Aún conservamos en el paladar la
embocadura del último día del libro. Como el ejército de
Pancho Villa, escritores de distinto pelaje exponían como trofeos sus más
recientes publicaciones en las mesas preparadas a modo de reclamo en las
librerías y biblioteca de nuestra ciudad. Aunque en esto no somos originales.
Con una suerte de localismo conmemorativo, la celebración guarda un tono
similar en casi cualquier punto de la geografía nacional.
Y digo esto sin ninguna
pretensión de desapego. Por lo general, me gusta el folclore. Defiendo la
celebración popular de las costumbres de cada rincón. No entiendo el desarraigo
de la tradición, siempre y cuando ésta no atente contra la dignidad de nadie. Y
en este caso, resulta evidente que no es así. La celebración del día del libro es
un claro motivo de festejo, independientemente de lo cerca o lo lejos que se
viva el resto del tiempo del universo literario.

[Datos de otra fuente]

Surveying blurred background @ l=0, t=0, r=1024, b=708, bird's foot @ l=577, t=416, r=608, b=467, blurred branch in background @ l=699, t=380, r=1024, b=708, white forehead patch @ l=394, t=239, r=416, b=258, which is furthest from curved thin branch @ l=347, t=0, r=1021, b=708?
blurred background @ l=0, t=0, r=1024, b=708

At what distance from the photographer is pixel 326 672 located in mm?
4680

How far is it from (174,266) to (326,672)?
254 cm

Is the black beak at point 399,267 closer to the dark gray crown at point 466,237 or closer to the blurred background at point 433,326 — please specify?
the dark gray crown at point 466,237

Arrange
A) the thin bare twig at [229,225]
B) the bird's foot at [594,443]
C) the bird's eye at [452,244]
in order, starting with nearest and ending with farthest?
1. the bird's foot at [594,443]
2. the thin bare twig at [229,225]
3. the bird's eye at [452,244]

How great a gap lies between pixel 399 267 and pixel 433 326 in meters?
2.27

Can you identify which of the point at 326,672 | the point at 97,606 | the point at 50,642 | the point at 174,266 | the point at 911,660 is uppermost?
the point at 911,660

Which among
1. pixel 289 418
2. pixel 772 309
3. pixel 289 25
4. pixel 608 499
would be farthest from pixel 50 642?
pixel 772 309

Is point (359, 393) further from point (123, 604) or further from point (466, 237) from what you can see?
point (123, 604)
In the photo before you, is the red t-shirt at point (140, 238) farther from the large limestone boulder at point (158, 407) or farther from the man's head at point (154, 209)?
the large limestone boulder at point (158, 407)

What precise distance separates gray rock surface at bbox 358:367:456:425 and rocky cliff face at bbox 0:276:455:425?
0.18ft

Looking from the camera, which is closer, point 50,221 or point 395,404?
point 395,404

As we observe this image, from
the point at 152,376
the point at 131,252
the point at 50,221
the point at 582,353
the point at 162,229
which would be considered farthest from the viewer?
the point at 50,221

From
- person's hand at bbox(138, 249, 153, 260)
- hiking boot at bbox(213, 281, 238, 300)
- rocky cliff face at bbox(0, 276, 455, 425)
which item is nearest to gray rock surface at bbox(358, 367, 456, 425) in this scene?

Este año, además, la celebración
ha adquirido una magnitud mucho mayor al coincidir con el cuarto centenario de
la muerte de Cervantes y Shakespeare. Aunque en realidad hoy tenemos la certeza
de que ninguno de los dos murió el día 23 del mes de abril. El primero de
ellos, el alcalaíno, falleció un día antes, el día 22, mientras que el
británico sí que lo hizo el 23 de abril, pero del calendario juliano, que era
el que regía en tierras anglosajonas y que se diferenciaba en once días del
calendario gregoriano, usado por entonces en nuestro país. Pero esto es lo de
menos. La aceptación popular de esta efeméride –impulsada por el marchamo
oficial que le otorga la UNESCO– está por encima de lo que impondría el rigor
de la historia y eso es lo que importa. Al menos para la industria editorial,
los libreros y los mamporreros que cuadran las agendas políticas de nuestros
dirigentes, que en esta fecha siempre sacan a relucir su erudición y su
ferocidad lectora.
Pero, insisto, aplaudo con
fervor cuasirreligioso todas las iniciativas por acercar a escritores y
lectores en ésta o cualquier otra celebración. Creo, de verdad, que es
importante que se lea para la formación integral de las personas. Decía Javier
Marías en estos días que “escribir tiene algo de anómalo”. Seguramente sea así,
pero no lo tiene el hecho de leer. Leer, como acto de interpretación y de
conocimiento, es un impulso primitivo. Por eso, la amalgama literaria, los
cruces antibiológicos de gustos creativos, las mesas expositoras con títulos
discordantes y los excesos verbales de poetas y narradores están más que
justificados. El día del libro fue un día festivo. Brindemos por ello.